Special Track on Nonmonotonic Reasoning
Guest Editors
Gerhard Brewka
Victor Marek
Mirek Truszczynski
Special Track Contents
Nonmonotonic reasoning concerns situations when information is incomplete or uncertain. Thus, conclusions drawn lack iron-clad certainty that comes with classical logic reasoning. New information, even if the original one is retained, may change conclusions. Formal ways to capture mechanisms involved in nonmonotonic reasoning, and to exploit them for computation as in the answer set programming paradigm are at the heart of this research area.
The six papers accepted for the special track contain significant contributions to the foundations of logic programming under the answer set semantics, to nonmonotonic extensions of description logics, to belief change in restricted settings, and to argumentation. They illustrate that the field remains vibrant and relevant to the long-term goals of artificial intelligence.
- Brewka, G., Marek, V., and Truszczynski, M. (2011) "Preface to the Special Track on Nonmonotonic Reasoning"
- Alviano, M., Calimeri, F., Faber, W., Leone, N., and Peri, S. (2011) "Unfounded Sets and Well-Founded Semantics of Answer Set Programs with Aggregates"
- Bonatti, P., Faella, and M., Sauro, L. (2011) "Defeasible Inclusions in Low-Complexity Description Logics"

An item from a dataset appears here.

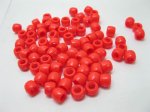 2000 New Plastic Red Barrel Pony Beads 6x8mm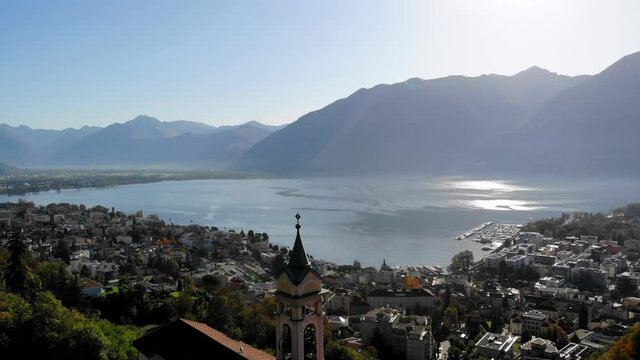 Aerial view of Locarno, Switzerland and Lake Maggiore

- Booth, R., Meyer, T., Varzinczak, I., Wassermann, R. (2011) "Basic Horn Contraction"
- Dvorak, W., and Woltran, S. (2011) "On the Intertranslatability of Argumentation Semantics"
- Gabbay, D., Pearce, D., and Valverde, A. (2011) "Interpolable Formulas in Equilibrium Logic and Answer Set Programming"
- Lee, J., and Meng, Y. (2011) "General Theory of Stable Models and First-Order Loop Formulas"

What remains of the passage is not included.